Because humans provide a much-needed dimension to drive decision-making, d2i stands firmly in using intelligence that leverages practical experience combined with reliable data sets that can help improve clinical operations.

Intelligence that leverages both practical experience and trusted data is key to improving both ED efficiency and clinical outcomes.

Advanced analytics purpose-built for optimizing clinical operations is critical for driving ED efficiency and improving outcomes. Even if you know the questions to ask, based on high-level metrics, it’s often difficult to identify high-impact actionable insights. d2i’s hundreds of context-sensitive analytics (with millions of variations) anticipates your questions, bringing you the right answers just a click away.

A computer’s proficiency in identifying patterns in big data gives Artificial Intelligence (AI) programs the ability to learn. d2i’s Advanced Analytic Application learns from reliable data as well as from the information we’ve gleaned from millions of ED visits, thousands of providers, and 20 years of working in the field of emergency medicine.

AI is driving a paradigm shift in the health care industry, but it’s important to remember that the most effective use of AI is one that enhances human capabilities instead of replacing humans. The latest research suggests that it wouldn’t be in our best interest to do so anyway, because humans provide a much-needed dimension to drive decision-making that AI lacks — at least for now.

Can AI perform better than human doctors?

A recent MIT study indicated that AI can’t replace human doctors’ “gut instinct” when it comes to analyzing medical data to diagnose and treat health problems. The study showed the decision-making process is driven by doctors’ sentiments about their patients, coupled with intuition, the part not directly related to data analysis.

The researchers performed a sentiment analysis of doctors’ written notes in the medical records of 60,000 ICU patients admitted to Beth Israel Deaconess Medical Center in Boston over a 10-year period. Using computer algorithms, sentiment analysis examined positive and negative sentiments associated with written language.

Research uncovered that doctors’ diagnostic and treatment decisions were based on factors including family history, severity of the medical problem, and lifestyle habits. That data was supplemented by the doctors’ “gut feelings.

Interestingly, the researchers found that intuition played a more important role during the first couple of days of a patient’s hospital stay, before much data is collected. Also, if doctors felt pessimistic about a patient’s condition, they ordered more testing but only up to a certain point, after which fewer tests were ordered.

What AI Can Do for Health Care

Integrating aspects of AI into health care can be hugely beneficial in driving meaningful change across the continuum of care. The consulting firm Frost & Sullivan reported that the health care AI market is projected to grow 40 percent through 2021, potentially improving outcomes 30-40 percent and cutting treatment costs by as much as half.

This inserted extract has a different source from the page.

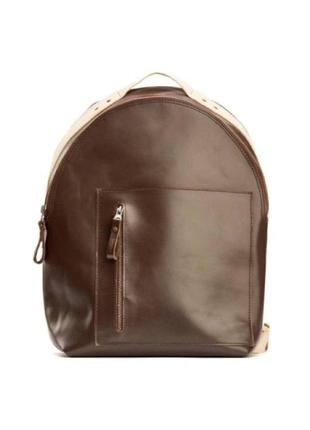 Leather rucksack for  women1 photo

Some of the clear implementation benefits to date include:

  • Helping doctors’ deliver accurate disease diagnosis and treatment.
  • Addressing the physician shortage in HCOs of all sizes.
  • Facilitating medical diagnostics. Diagnostic errors are estimated to affect about 10 percent of patient deaths and 6-17 percent of complications. AI can introduce less time-consuming, more accurate methods.
  • Improving health care marketing, in the pharma sector in particular, by employing machine learning-based predictive analytics tools to find optimal treatment and refine patient targeting.
  • Reducing medication non-adherence. Americans are spending $309.5 billion annually on prescription drugs, and using algorithmic tools can help reduce medication non-adherence-related waste by identifying which patients are likely to deviate from their prescribed treatment regimen, and therefore need more support and targeted communication.

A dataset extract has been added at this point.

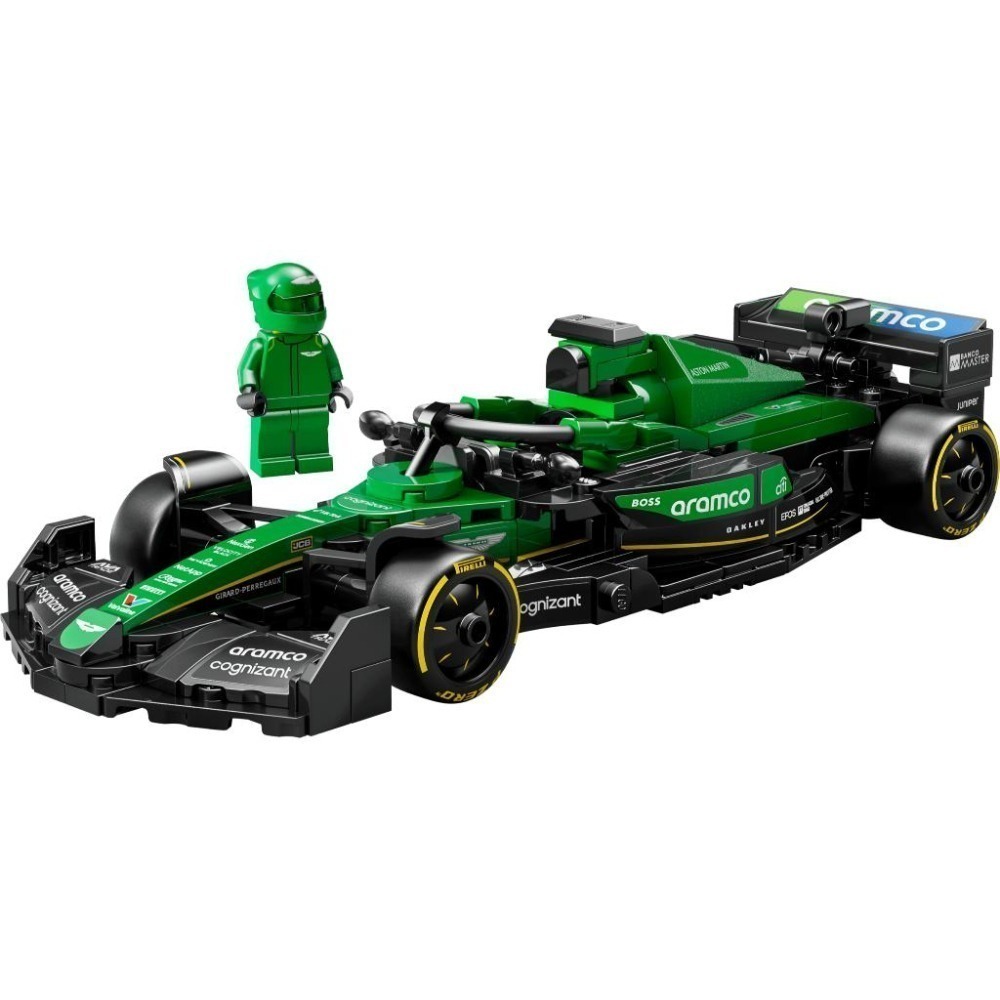 ［想樂］全新 樂高 LEGO 77245 Speed 賽車 奧斯頓 馬丁 Aramco F1® AMR24 Race-細節圖3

Perhaps the ideal approach to improving both operational efficiency and clinical outcomes is one that embodies the best of both worlds — human and machine — while putting the control and the knowledge management squarely in the hands of domain experts and those responsible for patient care. Analytics that are organically developed by combining evidence-based data enhanced with human experience can then be directly integrated into an Advanced Analytic Application. Analytics can help identify opportunities with the potential for improvement, demonstrate the impact adjustments have on performance, and then continuously reinforce behaviors that support new processes.